SUPPLIED MATERIAL:

= Beginning of Section =

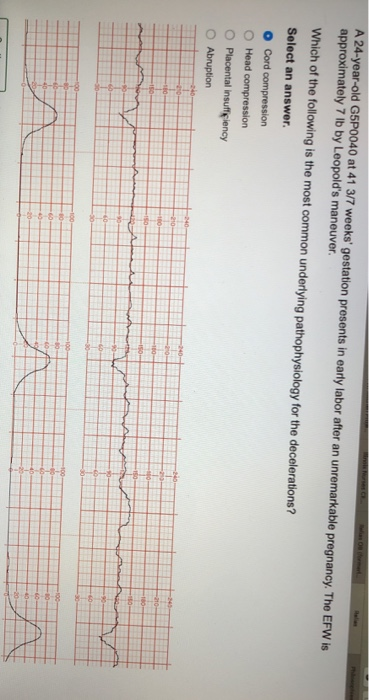 A 24-year-old G5P0040 at 41 3/7 weeks gestation presents in early labor after an unremarkable pregnancy. The EFW is approxim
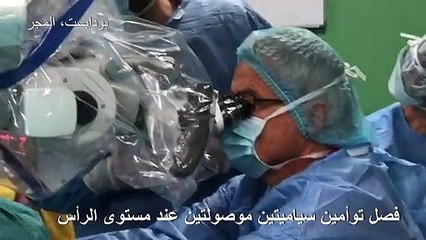 فصل توأمين سياميتين موصولتين عند مستوى الرأس في بنغلادش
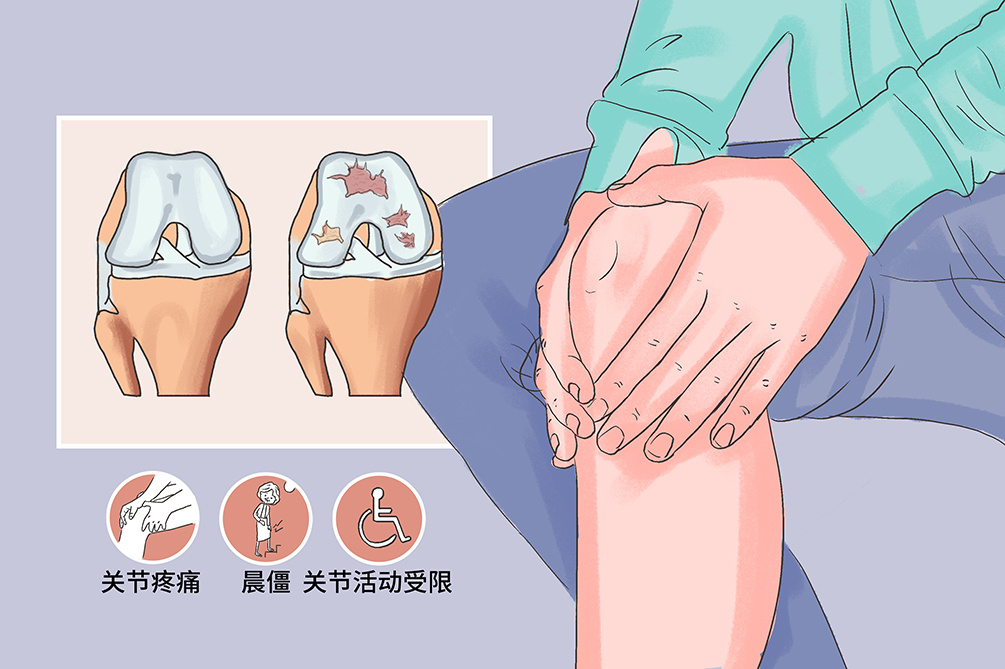治療濕疹的最佳方法_治療內(nèi)風濕最好的方法_治療風濕的最佳方法
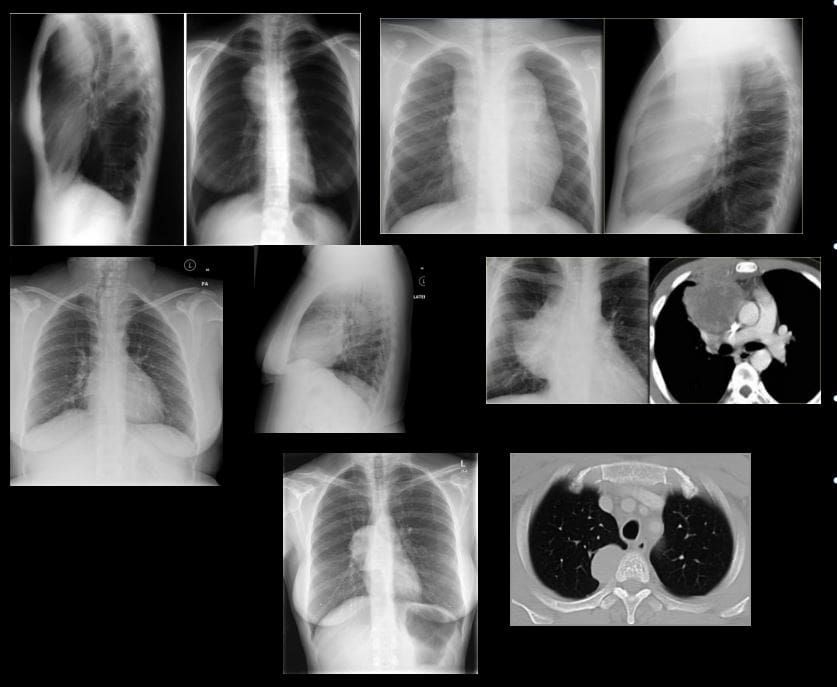 diagnostické zobrazovanie hrudníka el paso tx.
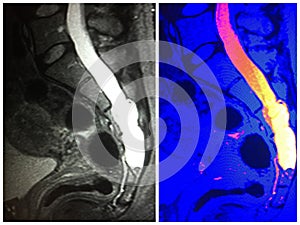 Mri dural ectasia sacrum level neuro collage photo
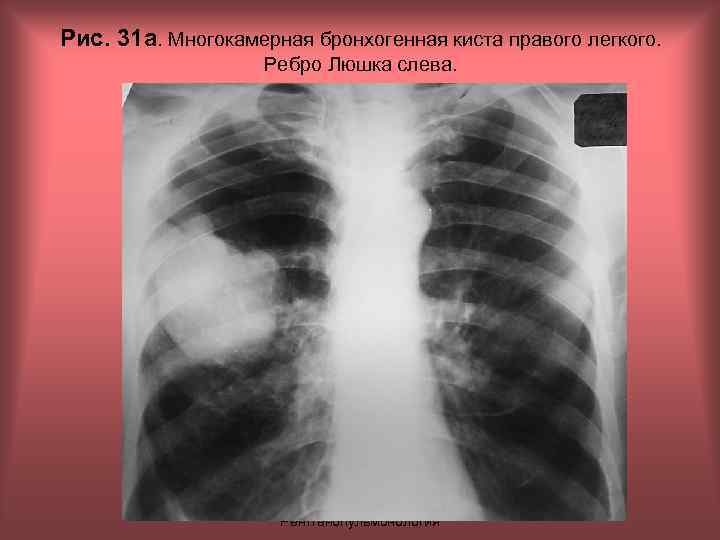 Рис. 31 а. Многокамерная бронхогенная киста правого легкого. Ребро Люшка слева. Н. С. Воротынцева,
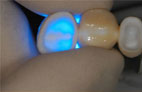 Procera Zirconia for metal free restorations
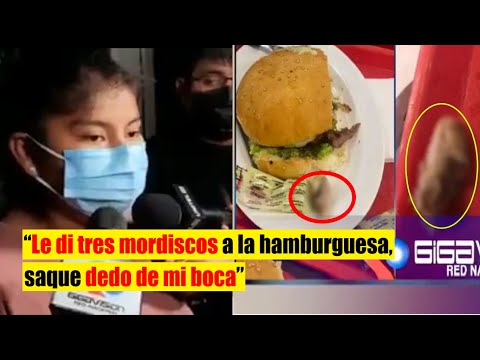 Mujer encuentra un dedo en su hamburguesa. Policía de Bolivia confirma que es de un humano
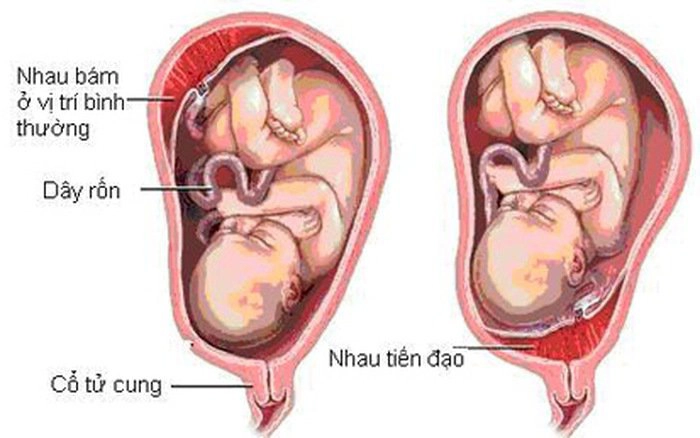 Biến chứng của rau tiền đạo ở bà bầu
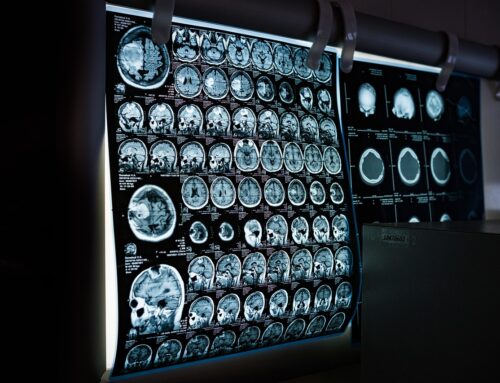 Minor vs. Serious Injuries: What’s the Difference?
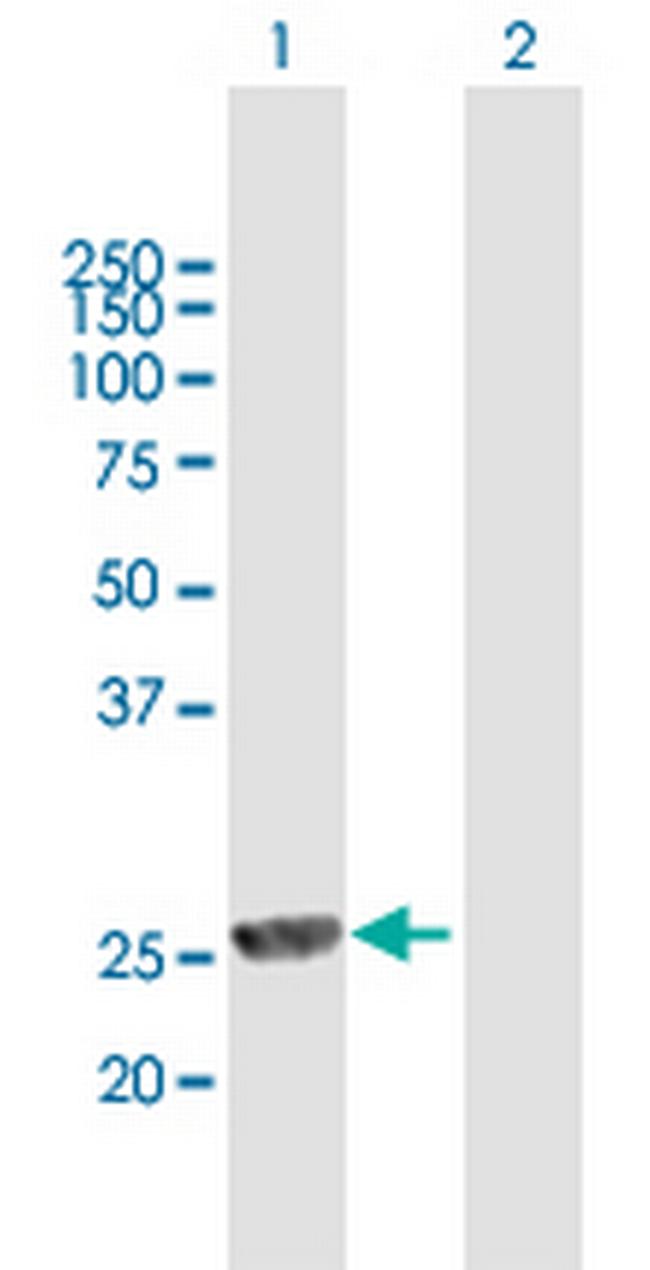 MPHOSPH8 Antibody in Western Blot (WB)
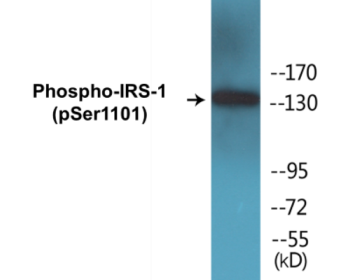 Western blot analysis of extracts from COS7 cells treated with Calyculin A 50ng/ml 30', using IRS-1 (Phospho-Ser1101) Antibody.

= End of Section =

TASK OBJECTIVE: Could you reproduce exactly the lines running from the one with "Biến chứng của rau tiền đạo ở bà bầu" through the final line of the listing above, both included, and drop the pictures?

REPLY TO THE EXERCISE:
 Biến chứng của rau tiền đạo ở bà bầu
 Minor vs. Serious Injuries: What’s the Difference?
 MPHOSPH8 Antibody in Western Blot (WB)
 Western blot analysis of extracts from COS7 cells treated with Calyculin A 50ng/ml 30', using IRS-1 (Phospho-Ser1101) Antibody.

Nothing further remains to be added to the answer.